Anywhere the string "Photo" shows up in the listing below, copy the line it is in.

> [Available records]
***
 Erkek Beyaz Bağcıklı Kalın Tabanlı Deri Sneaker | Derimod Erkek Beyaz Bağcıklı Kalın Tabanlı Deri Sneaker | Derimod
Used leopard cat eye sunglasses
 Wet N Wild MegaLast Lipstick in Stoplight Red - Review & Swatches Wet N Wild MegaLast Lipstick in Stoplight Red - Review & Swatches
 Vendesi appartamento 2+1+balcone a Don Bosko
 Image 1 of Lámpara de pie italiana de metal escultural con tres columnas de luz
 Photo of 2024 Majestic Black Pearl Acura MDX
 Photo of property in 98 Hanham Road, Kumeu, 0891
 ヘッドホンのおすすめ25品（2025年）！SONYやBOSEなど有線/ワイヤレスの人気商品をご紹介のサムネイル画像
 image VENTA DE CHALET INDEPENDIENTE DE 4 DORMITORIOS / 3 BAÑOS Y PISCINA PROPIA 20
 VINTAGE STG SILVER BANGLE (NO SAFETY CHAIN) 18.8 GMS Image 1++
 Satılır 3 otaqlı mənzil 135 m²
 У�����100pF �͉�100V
***
> [Answer to the exercise]
 Photo of 2024 Majestic Black Pearl Acura MDX
 Photo of property in 98 Hanham Road, Kumeu, 0891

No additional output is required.